IMPROVING ENVIRONMENTAL MANAGEMENT WITH A DATA BANK OF SPACE IMAGERY

The paper outlines a strategy for environmental management based on the joint use of space imagery and existing thematic map sets in monitoring the state of the environment in areas known as territorial human-environment complexes, proposed as regional-level units of nature management. Space imagery is also instrumental in the identification of these complexes prior to the onset of monitoring, a subject which is addressed in some detail at the start of the paper. Most extensive coverage is devoted to the organization and operation of a centralized, interdisciplinary data bank of remote sensing imagery, from which scenes are processed and interpretation maps distributed according to the specific needs of user organizations. Translated from: Geografiya i prirodnyye resursy, 1986, No. 2, pp. 138-142.     
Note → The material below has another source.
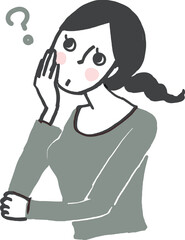 疑問を感じる女性。クエスチョンマーク。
ERRORS IN THE INDICATION OF GEOSYSTEMS FROM REMOTE SENSING IMAGERY

After a general discussion of principles of remote sensing indication and image recognition theory, the particular errors in this process are analyzed individually: errors in data recording; errors in automated image analysis; errors in interpretation of the content of geosystems; errors in the selection of interpretation keys; and finally errors in generalization and the extrapolation of results. The total error in geosystem indication from remote sensing imagery can be determined by an analysis of these particular errors. Translated by Edward Torrey, Alexandria, VA 22308 from: Geografiya i prirodnyye resursy, 1988, No. 4, pp. 98-107.     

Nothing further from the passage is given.